> Listed records
■ ■ ■ ■ ■ ■ ■
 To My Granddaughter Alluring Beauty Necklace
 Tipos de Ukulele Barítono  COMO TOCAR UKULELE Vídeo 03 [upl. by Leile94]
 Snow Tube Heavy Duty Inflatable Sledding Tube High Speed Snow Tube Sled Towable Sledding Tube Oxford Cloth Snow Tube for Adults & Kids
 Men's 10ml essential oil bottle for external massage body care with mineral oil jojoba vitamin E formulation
■ ■ ■ ■ ■ ■ ■
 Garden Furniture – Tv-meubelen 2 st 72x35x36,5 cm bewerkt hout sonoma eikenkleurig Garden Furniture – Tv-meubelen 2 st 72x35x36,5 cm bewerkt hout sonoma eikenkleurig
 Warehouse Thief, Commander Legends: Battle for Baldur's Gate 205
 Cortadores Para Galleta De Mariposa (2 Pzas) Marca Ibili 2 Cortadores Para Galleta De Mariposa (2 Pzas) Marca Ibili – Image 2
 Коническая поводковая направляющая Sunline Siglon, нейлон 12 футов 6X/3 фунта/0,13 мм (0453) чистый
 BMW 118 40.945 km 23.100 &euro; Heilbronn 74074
■ ■ ■ ■ ■ ■ ■
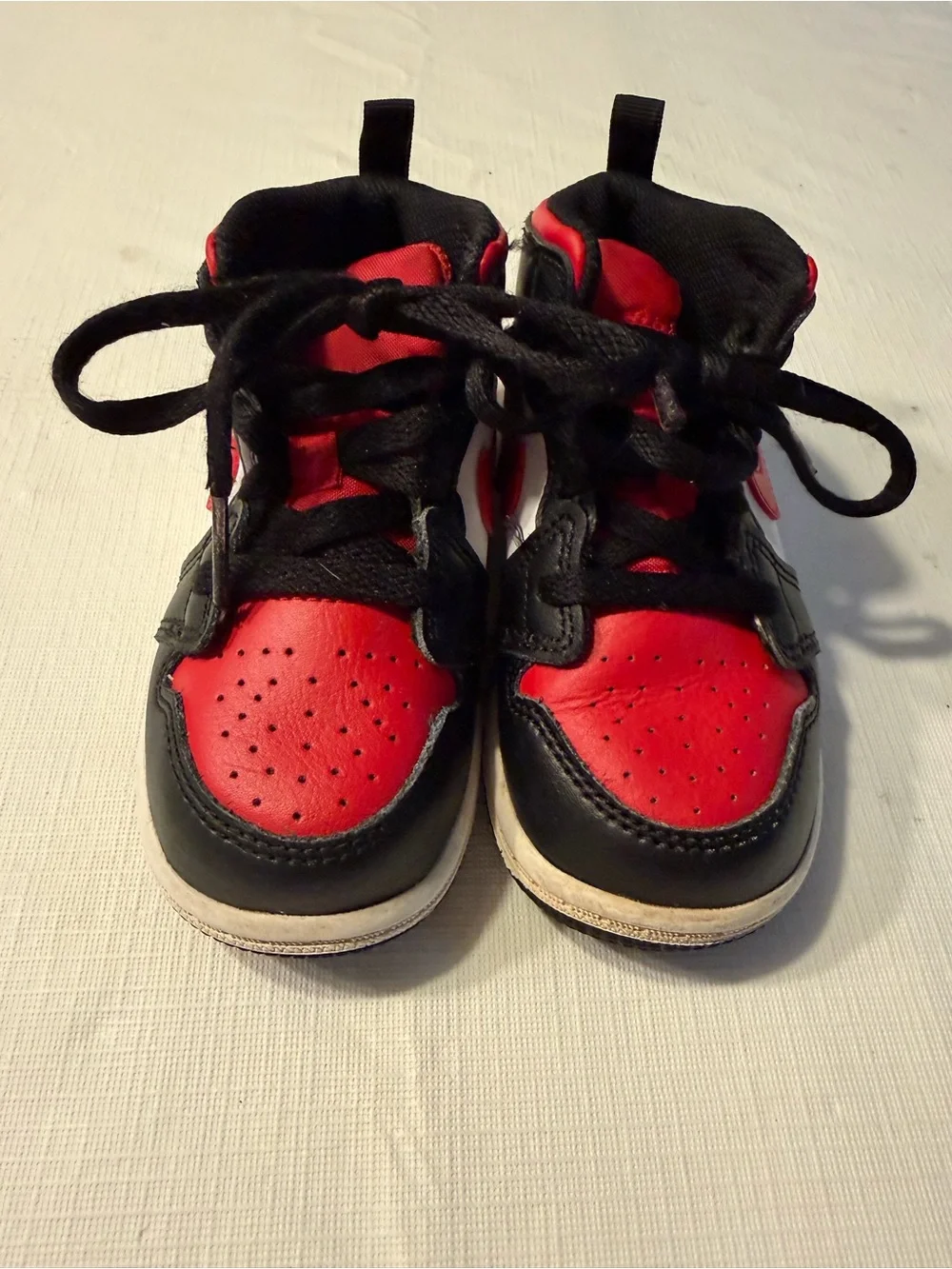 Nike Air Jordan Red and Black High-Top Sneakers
■ ■ ■ ■ ■ ■ ■
> What the task asks
For the listing above, print only the lines starting at the line containing "Коническая поводковая направляющая" and ending at the line containing "BMW 118 40.945", exactly, both included.

> Task answer
 Коническая поводковая направляющая Sunline Siglon, нейлон 12 футов 6X/3 фунта/0,13 мм (0453) чистый
 BMW 118 40.945 km 23.100 &euro; Heilbronn 74074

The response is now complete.